What can you see from that? First, there are servers for SSH (port tcp:22), NFS (ports tcp:2049 and udp:2049), SMB (windows file sharing, ports tcp:139, tcp:445, and udp:137), AFP (apple file sharing, port tcp:358), lighttpd (ports tcp:80 and tcp:443, for https), and NASD from DRI (ports tcp:5000, tcp:5001 and udp:5002).

But what is interesting is the stuff in the middle.
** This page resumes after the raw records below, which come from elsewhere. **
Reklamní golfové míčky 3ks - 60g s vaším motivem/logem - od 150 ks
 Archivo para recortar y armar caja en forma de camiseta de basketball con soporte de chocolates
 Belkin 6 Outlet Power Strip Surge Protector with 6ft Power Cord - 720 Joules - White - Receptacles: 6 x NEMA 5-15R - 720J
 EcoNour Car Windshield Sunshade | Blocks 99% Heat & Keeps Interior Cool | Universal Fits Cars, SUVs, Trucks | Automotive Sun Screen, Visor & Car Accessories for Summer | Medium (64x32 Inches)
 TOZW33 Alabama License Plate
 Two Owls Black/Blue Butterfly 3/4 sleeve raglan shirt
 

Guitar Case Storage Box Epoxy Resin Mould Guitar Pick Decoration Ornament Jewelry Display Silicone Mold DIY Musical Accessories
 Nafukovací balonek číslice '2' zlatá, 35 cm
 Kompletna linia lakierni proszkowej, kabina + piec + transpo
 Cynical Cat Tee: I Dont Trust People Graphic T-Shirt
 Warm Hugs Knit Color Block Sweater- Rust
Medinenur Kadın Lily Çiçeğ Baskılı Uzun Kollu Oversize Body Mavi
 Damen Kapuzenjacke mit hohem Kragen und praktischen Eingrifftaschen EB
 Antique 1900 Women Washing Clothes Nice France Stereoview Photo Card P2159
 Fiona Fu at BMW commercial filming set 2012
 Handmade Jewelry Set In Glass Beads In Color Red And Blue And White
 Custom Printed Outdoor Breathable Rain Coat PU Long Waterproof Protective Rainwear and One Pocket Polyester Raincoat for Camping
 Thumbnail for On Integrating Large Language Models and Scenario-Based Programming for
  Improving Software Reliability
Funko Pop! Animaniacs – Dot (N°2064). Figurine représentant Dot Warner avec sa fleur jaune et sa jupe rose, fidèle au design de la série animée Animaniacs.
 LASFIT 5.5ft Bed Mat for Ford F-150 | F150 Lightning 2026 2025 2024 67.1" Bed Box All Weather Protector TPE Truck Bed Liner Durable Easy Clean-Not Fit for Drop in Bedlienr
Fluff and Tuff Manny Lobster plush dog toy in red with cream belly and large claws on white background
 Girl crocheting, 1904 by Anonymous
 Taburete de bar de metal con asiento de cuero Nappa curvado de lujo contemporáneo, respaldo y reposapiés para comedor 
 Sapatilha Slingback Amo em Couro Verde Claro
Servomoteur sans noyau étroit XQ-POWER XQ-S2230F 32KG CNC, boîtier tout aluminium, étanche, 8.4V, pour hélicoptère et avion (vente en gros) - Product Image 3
Whenever you see a line with ESTABLISHED, that means an active connection to your FS. In my case, you can see that the FS (with IP 192.168.10.27) has a bunch of connection from my laptop (with IP 192.168.10.34) on the NFS server port. Device 192.168.10.21 is also connecting to the FS on the NFS port, and that one is my wife’s laptop.

If you want, you can copy/paste the output of netstat and we can have a look at it.

In all the systems I’ve seen to this day, communication between internal processes will never cause the network activity light to blink. Network traffic between processes should never even reach the network interface, since they are usually handled at the software stack level.

Even then, unless the OP has MySQL and some PHP app running on top of that, as far as I know none of the DroboApps connects to another DroboApp on the same device.

btw Ricardo is there a way to “close” / kill all netstat items (eg to clear the list until an application re-asks for a port to be opened again?

I’m not sure what you mean. If you mean closing the server’s port (i.e. the entries that say LISTEN), that is pretty much impossible. The port must remain “open” for the server to receive incoming connections.

If you mean active connections (i.e. the ones that say ESTABLISHED), technically you can send a specially crafted packet that will terminate the connection, but I don’t think it is wise to do so. If an application is using TCP is usually because it requires the persistency that TCP offers. If you start breaking established TCP connections in the middle of transfers, who knows what kind of inconsistencies it can cause.

My advice is: if you don’t want open connections, then shut down the services. If the client allows you to control the number of active connections, then try to configure it to connect only when necessary. Otherwise, it is not really safe to break TCP connections like that.

But if you don’t mind me asking, why exactly do you want to do that in the first place?